Isaiah fait une différence

Quelque part au milieu de ces perles de femmes, lors d’une conférence où j’étais reçue pour parler de l’importance de faire la lecture aux petits et présentée aux futurs éducateurs à la petite enfance du Cégep Édouard-Montpetit, j’ai rencontré Isaiah Hines, 17 ans, étudiant en première année du programme, seul gars dans l’assistance parmi les six d’une cohorte de cent et quelques femmes, un record d’inscriptions masculines d’après une enseignante.

Isaiah Hines, 17 ans, étudiant en première année du programme d'éducation à la petite enfance.

On s’est parlé au téléphone après cette rencontre. Il ne cadrait pas avec – mea culpa mille fois – l’image remplie de préjugés que je me faisais d’un étudiant en éducation à la petite enfance. «Ouais, je sais, à la fin de mon secondaire, les gens ne comprenaient pas trop non plus et me demandaient pourquoi je ne voulais pas enseigner au secondaire ou au cégep à la place… L’affaire, c’est que j’aime les capacités d’émerveillement des petits, ça me fait du bien de les voir de même, j’ai toujours voulu participer à ça, assister à ça», me raconte Isaiah en me vouvoyant toujours beaucoup, incapable de me tutoyer comme je m’évertuais à lui demander.

Je précise parce que ça en dit long sur sa politesse, son élégance, la manière sans doute dont il a été élevé par une maman incroyable, selon ses dires, une femme qui a élevé seule Isaiah et ses quatre sœurs, dont trois plus âgées que lui; deux enseignantes et une infirmière. La plus jeune de la marmaille est en deuxième secondaire. Dans ses mots, toute l’affection du monde envers elles. «J’ai grandi juste avec des femmes, j’ai assisté à des discussions particulières, on oubliait parfois que j’étais là… Je suis un sensible et c’est peut-être grâce à elles toutes.»
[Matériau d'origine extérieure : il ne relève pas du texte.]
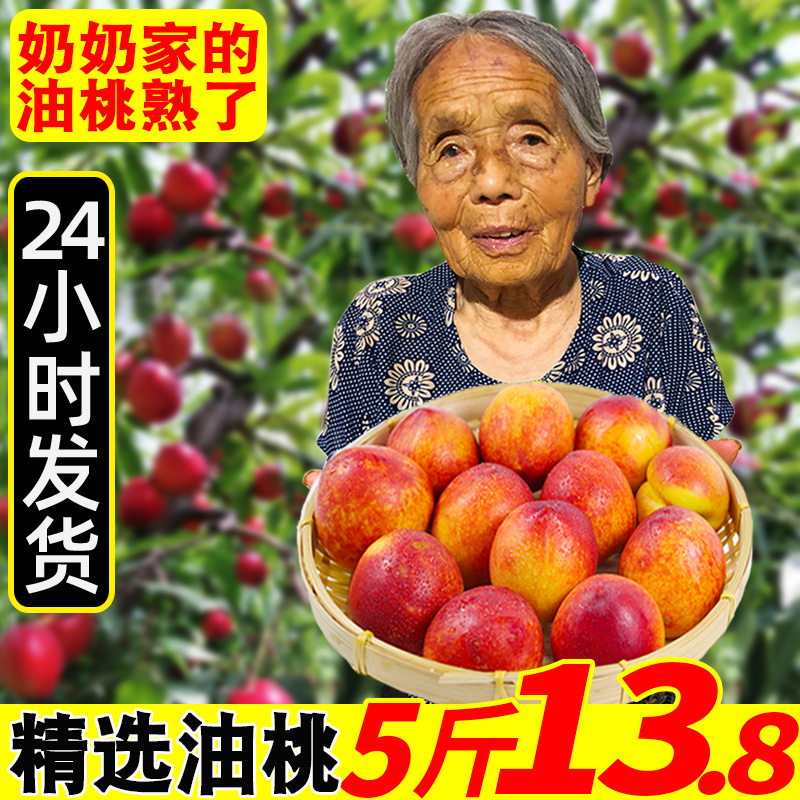 喜多鲜旗舰店现季发货黄心油桃5斤桃子应时令新鲜水果包邮超甜肉脆桃水蜜桃100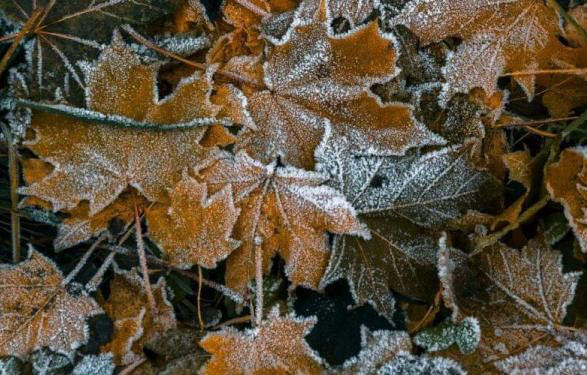 Перші морози: погода в Луцьку на п'ятницю, 22 листопада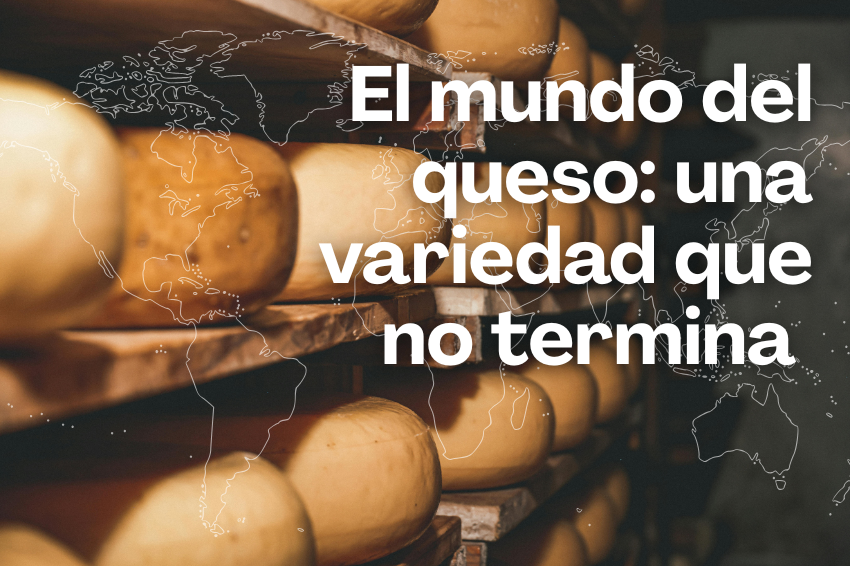 El mundo del queso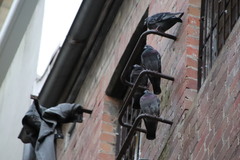 Columba livia domestica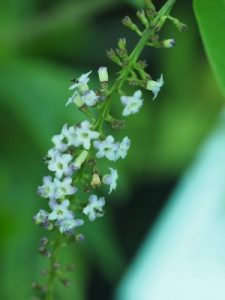 Citharexylum quadrangulare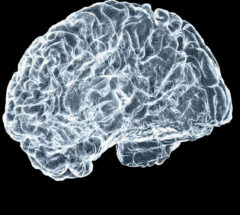 How to train your brain to thrive amid the strain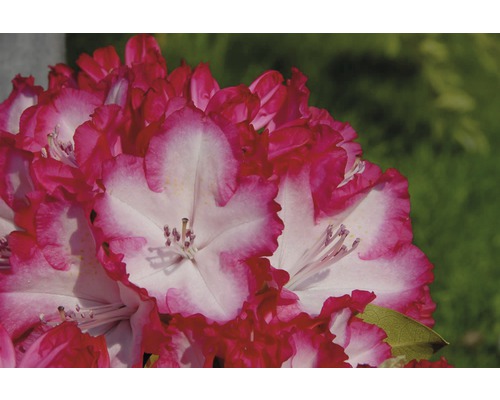 Prim-plan cu o floare de rododendron cu petale roz și albe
Chaque jour, Isaiah se tape environ une heure trente aller-retour de distance en autobus entre sa maison à Châteauguay et Longueuil, où se trouve le cégep reconnu pour l’excellence du programme. Trois heures à lui pour étudier, dormir, écouter de la musique. Ses passions: lire La Presse tous les matins, regarder des séries, penser au livre jeunesse qu’il rêve d’écrire. «(Rires) Vous allez penser que j’ai une vie de vieux monsieur!» Non. Il n’y a pas un seul «vieux monsieur» qui endurerait d’emprunter le pont Mercier dans le trafic matin et soir pour apprendre un métier prisonnier des stéréotypes qui sont en partie responsables du si faible salaire octroyé aux finissants. «Il y a un facteur historique lié à ça, vous savez, l’image qu’on se fait de la nourrice, la madame qui fait juste changer des couches… alors que ce n’est tellement pas ça. Oui, on dessine, on chante des chansons, mais il faut aussi savoir qu’il y a un fondement derrière ça. Pour mieux valoriser la profession, il faudrait montrer réellement qu’est-ce qu’être éducateur en garderie, par exemple, comment on fait des plans d’intervention, etc.»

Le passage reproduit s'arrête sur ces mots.